Se il mercato editoriale si è subito lanciato nel filone proponendo instant book e classici ritrovati (pensiamo al successo Stalingrado di Vasilij Grossman), il cinema ha recuperato alcuni film che probabilmente sarebbero rimasti nell’oblio senza questa tragica contingenza, dal dittico composto da Atlantis e Reflection di Valentyn Vasyanovych ai documentari di Sergei Loznitsa.

Fa parte di questo gruppo Bad Roads – Le strade del Donbass, presentato nel 2020 alla 35a Settimana della Critica alla Mostra di Venezia e selezionato dall’Ucraina agli Oscar 2022 come Miglior film internazionale, che segna l’esordio sul grande schermo di Natalya Vorozhbit, le cui riprese del secondo film sono state bloccate proprio a causa dello scoppio della guerra.

A partire da una pièce tuttora allestita in molte piazze d’Europa, è un’opera prima che, con tensione morale e afflato poetico, riesce a restituire sia il riflesso di un passato che non passa sia una drammatica aderenza con l’attualità e i suoi contraccolpi, portando i pezzi della macchina teatrale nell’orizzonte asfittico di una terra ferita che si fa palcoscenico e laboratorio.

Bad Roads – Le strade del Donbass si struttura in quattro episodi che costeggiano l’assurdo, non eludono l’orrore, scandagliano la ferocia umana, indagano l’odio civile. Un’esplorazione nella banalità del male all’interno di un tempo fermo, congelato in uno spazio che sembra appartenere all’incubo, e che si affida al potere della fiction nella misura in cui lo spirito documentaristico si presta quale veicolo di un viscerale ripensamento.

Ambientate nella regione dell’Ucraina orientale in guerra da ormai otto anni, il film funziona soprattutto come antologia narrativa su temi spesso inediti per gli sguardi occidentali, con un approccio anche scomodo nell’evocare un inquietante sarcasmo, una tragicità grottesca che ricorda i paesaggi desolanti dei racconti di Gogol, una visione cruda che mette in campo gli effetti della violenza su un eccezionale diventato quotidiano.

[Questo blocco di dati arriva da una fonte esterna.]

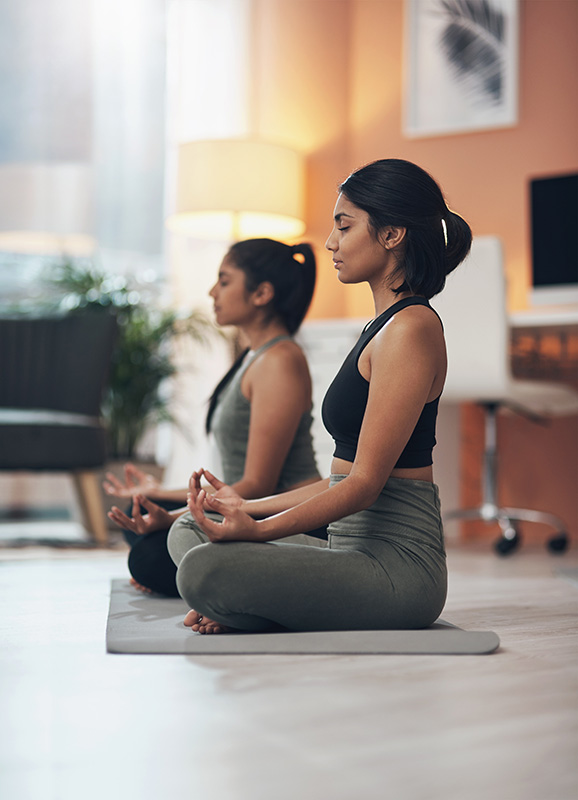 Two women practice mindfulness and meditation.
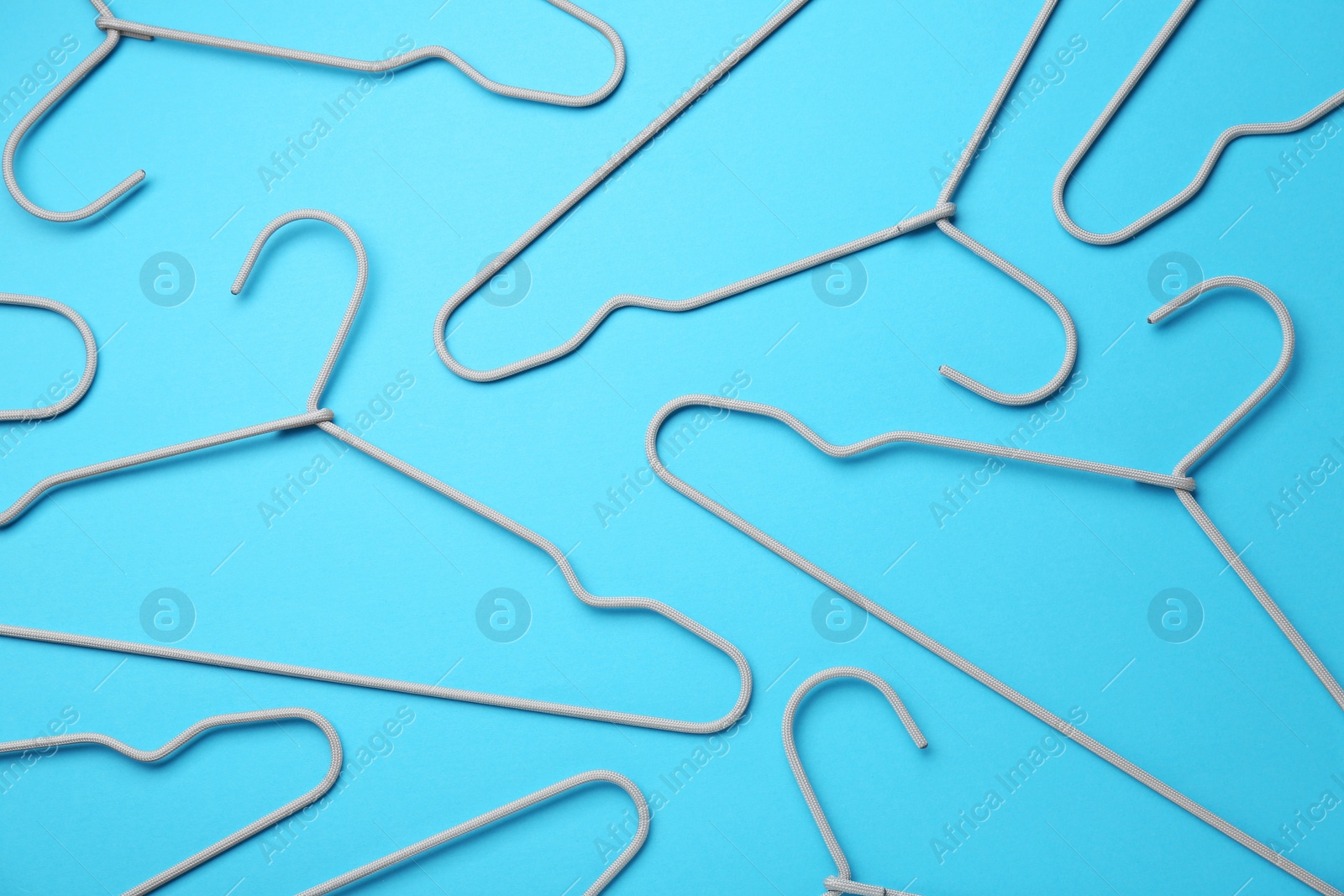 Photo of Hangers on light blue background, flat lay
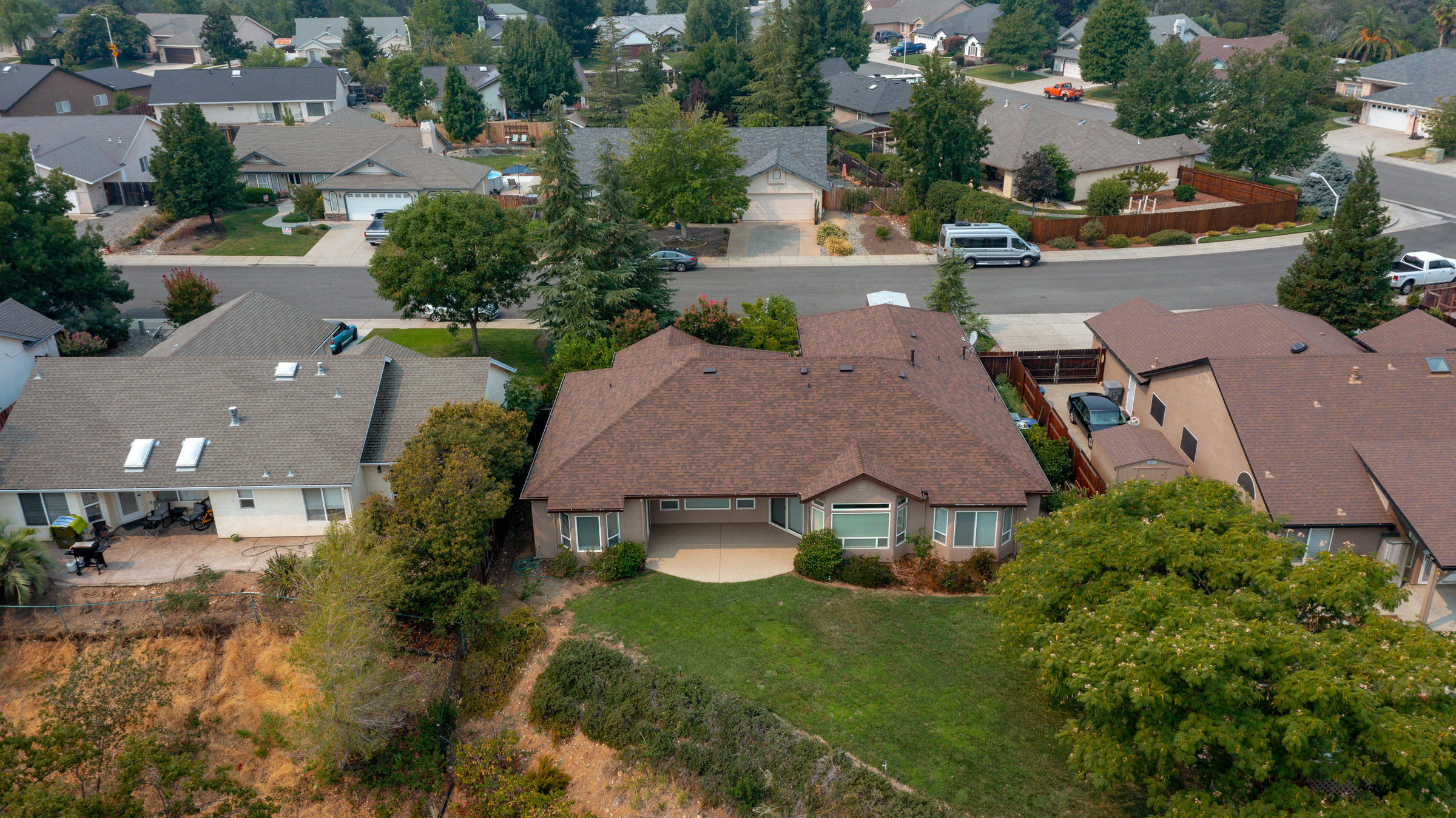 2965 Shadow Brook Lane Redding, CA 96001 - Photo 35 of 38 an aerial view of multiple houses with a yard and street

Le quattro storie di Vorozhbit si concentrano su un insegnante fermato a un posto di blocco, due adolescenti in attesa dei partner in una piazza decrepita, una giornalista tenuta prigioniera e violentata dal suo aguzzino, una donna che chiede perdono agli anziani vicini. A parte qualche spiraglio nel frammento finale, è un film che non dà speranza, sa di essere disturbante e, suo malgrado, si rivela ancora attualissimo.